Island Elderly Housing (IEH) manages 150 federally subsidized apartment units for older residents of limited financial means. The privately run Havenside complex in Tisbury has 27 rental units for elders who are able to live independently, with monthly rents in the $800 range. Both IEH and the management of Havenside report waiting lists of about five years for new residents. At the other end of the spectrum of options, in terms of both expense and level of services, are facilities that provide intensive nursing care, such as the Windemere center at the hospital and the Henrietta Brewer House in Vineyard Haven.

Among the scores of Islanders who have moved away in their late retirement are Jack and Jane Ware, who retired full-time to Tisbury in 1981, and moved to the Piper Shores retirement community near Portland, Me., in September of 2001. In a telephone conversation last week, Mr. Ware said that the burden of caring for their Hatch Road property was one consideration in their move. A second was proximity to family, and a third was the desire not to be a burden to children, finding a place that provided an easy transition to assisted living services if needed.

Piper Shores has about 300 residents, Mr. Ware said; it's part of a national, nonprofit network of retirement communities with its headquarters in Iowa. Right on its campus, Piper Shores has a health care center called The Holbrook, which offers full assisted living and nursing services.

Looking back on their decision to move north, Mr. Ware said the desire not to burden his family with health care issues was important to him. In 2004, he suffered an attack of pneumonia and an ensuing lung infection, and spent a month in residence at The Holbrook.

"That didn't cost us anything more," he said. And Jane was close by - there's a walkway that connects the campus buildings, so she didn't even have to venture into the Maine weather.

Piper Shores is an intensely service-oriented place, Mr. Ware said. "The staff here is excellent," he said, "beyond all our expectations, and I think it's equal to almost one-third the number of residents. So of course, that's a major cost."

In fact, said Mr. Ware, "I would think one of the main problems for a facility like this on the Vineyard would be finding the staff."

Ms. Brown agrees. "I think that if we can find a big enough piece of property here," she said, "we ought to think about having employee housing on it."

Jack and Jane Ware own their apartment, and its value will revert someday to their estate. But the cost of living at Piper Shores is at the high end of the range for retirement communities, because of the depth and range of its services - Mr. Ware said that they pay nearly $45,000 a year as a couple to live there. "But 30 percent of our monthly service fee actually counts as a medical deduction, because in effect it's long-term care. Because of this, I've never had to pay a Maine income tax."

Looking to the Vineyard's situation, Mr. Ware said, "I think it would be very difficult to combine the assisted living aspect in a retirement center there - in fact, it's becoming a problem here. There are more people needing the service now than there were five years ago when Piper Shores first opened." Piper Shores has a current waiting list of about 70, he said, and the community is not accepting new residents who will need assisted living services from the very start.

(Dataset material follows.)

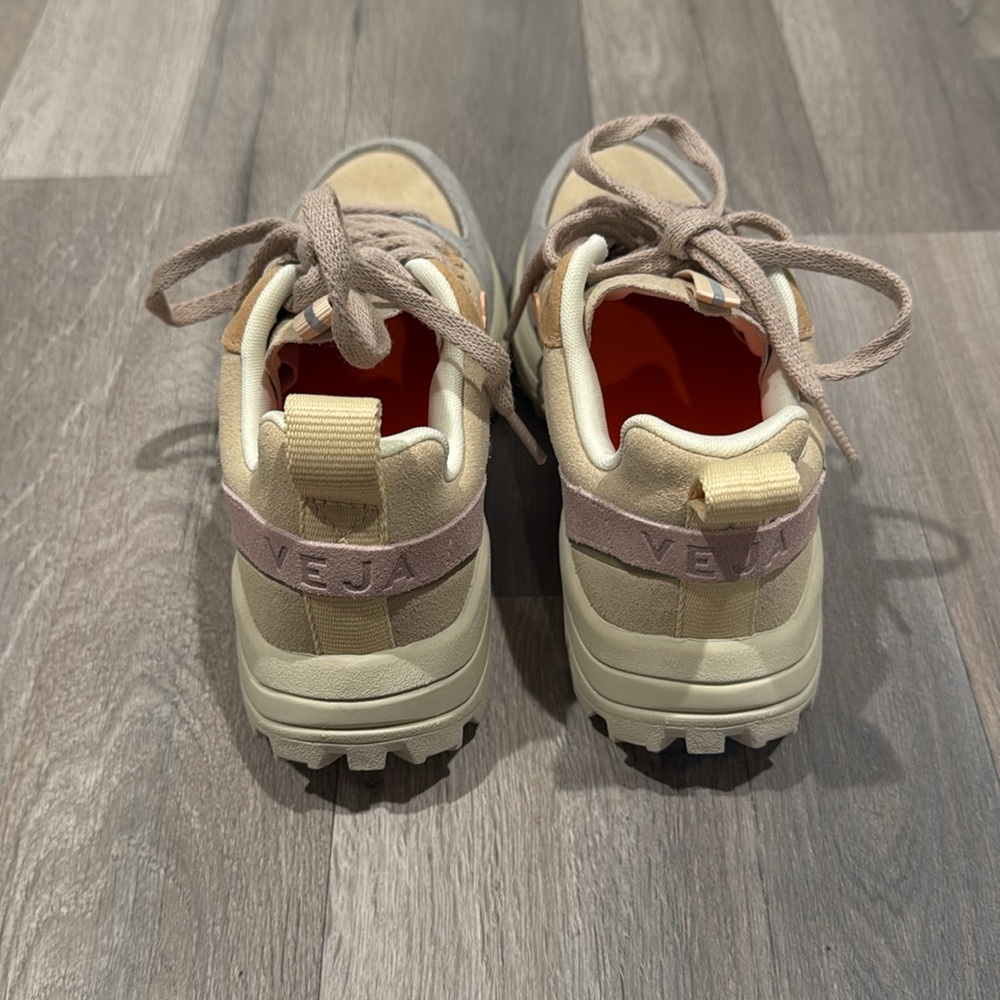 VEJA VENTURI SUEDE ALMOND PEACH MULTICO SNEAKERS - Picture 5 of 11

Ms. Brown said the cost of residence at a Vineyard retirement community will be determined partially by the level of services, and that many choices will be involved. "One of the reasons we're holding these focus groups," she said, "is to learn what sorts of services people want, and what they're able to pay for."

She hopes that the responses to the survey and the discussion groups will help to focus a sense of whether a nonprofit community-based retirement facility is feasible on the Island, and what form it should take:

"I hope we'll know by the end of May whether to pursue this."